Ernst & Young
If you had to boil Ernst & Young’s Ottawa office culture down to just two words – no simple task for a global professional services firm specializing in deep-dive business facets such as taxes, assurance, and strategic growth – you might land on “diversity” and “flexibility.”
“Diversity and inclusiveness are a top priority for the firm,” read one comment in the firm’s Employees’ Choice Awards survey.
“Flexibility and work-life balance opportunities are unbeatable,” another noted.
According to the company’s local managers, the aforementioned two words are important pillars in Ernst & Young’s business success.
“I think Ernst & Young has been a leader in recognizing the importance of having individuals from all walks of life contributing to every part of the business,” says Michael Hayward, senior manager of tax services. “Certainly at the local level, we have initiatives such as a professional women’s network. We have a gay, lesbian and transsexual and transgender committee to recognize issues in the workplace. It is interesting – it’s not something driven by headquarters or a particular partner. It’s something employees are encouraged to participate in.”
Diversity isn’t only a matter of making employees feel they are valued members of a team – it’s also about making that team more effective, notes office managing partner Deanna Monaghan. “We get different perspectives. From a business point of view, it just makes it much easier for us to communicate and understand (customers’) needs.”

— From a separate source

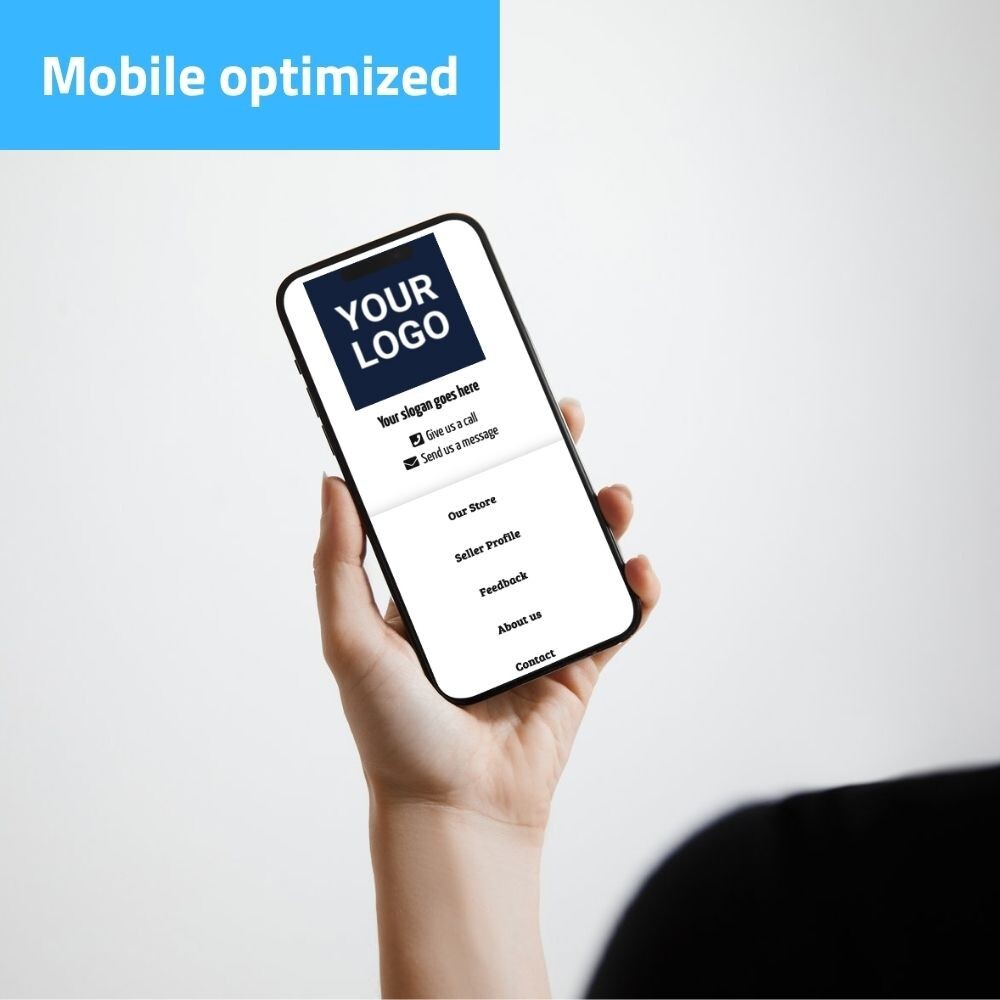 eBay Template - Responsive Simple - Mobile Optimized + Editor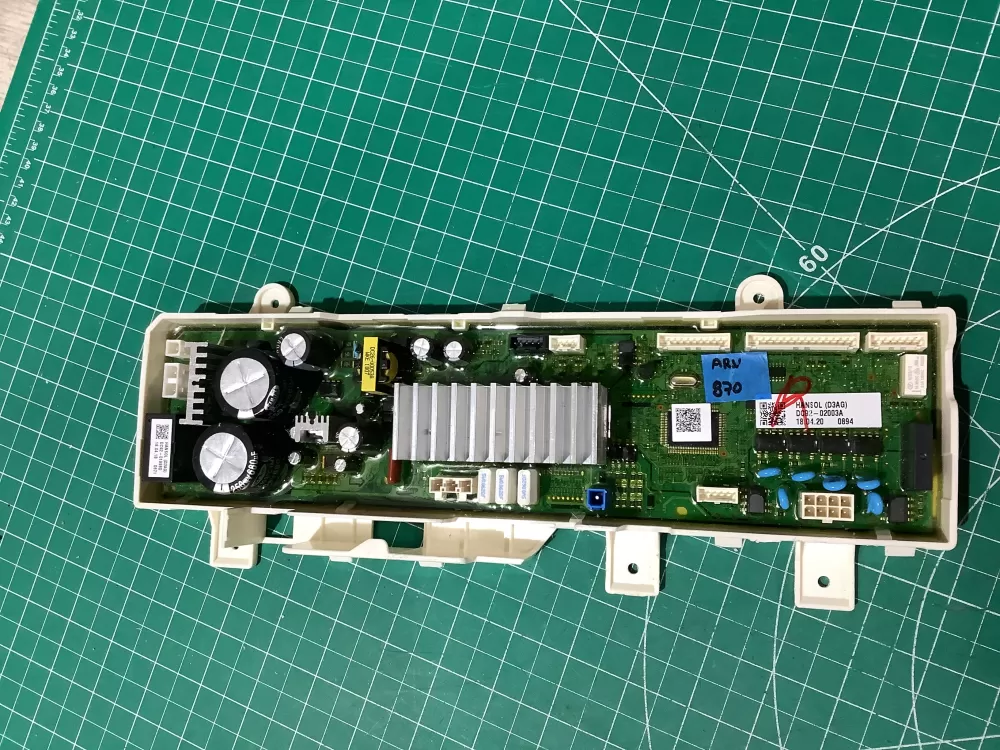 Samsung DC92 02003A Washer Control Board AZ188942 | ARV870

And in the persistent challenge to attract and retain the best employees, having a diverse and inclusive culture is crucial. “People feel that they belong, and that they are contributing,” Ms. Monaghan says. “When you have that level of personal satisfaction, it definitely helps with the retention and the recruitment of individuals.”
Flexible work hours play an important role as well. People have lives outside of work, Ms. Monaghan notes. “We’re able to achieve what we need to do from a business perspective while not sacrificing personal needs as well. We have a lot of working parents.
“One of the things I’ve always said is there’s no need to miss your children’s events.”
Even at a glance, the careers section of Ernst & Young’s website reveals a number of HR initia- tives designed to extract the best out of employees and help them improve even more. Training is a matter of each employee’s goals and interests, but no one is left completely alone.
“It would be one thing to say, ‘Go out and try to use your own ideas to move things forward,’ but I think there’s a really strong balance between self-motivation and being able to rely on our leaders,” Mr. Hayward says. “They give you the guidance you need so you’re not floundering around trying to figure out how to make it.”
This is Ernst & Young’s first time participating in the Employees’ Choice Awards survey, but it isn’t the company’s only employee feedback mechanism. The firm also participates in national and global surveys across the entire organization that help funnel workers’ ideas back into the business.
According to Ms. Monaghan, that communication pipeline is significant. “It’s really about getting that 360-degree view,” she says.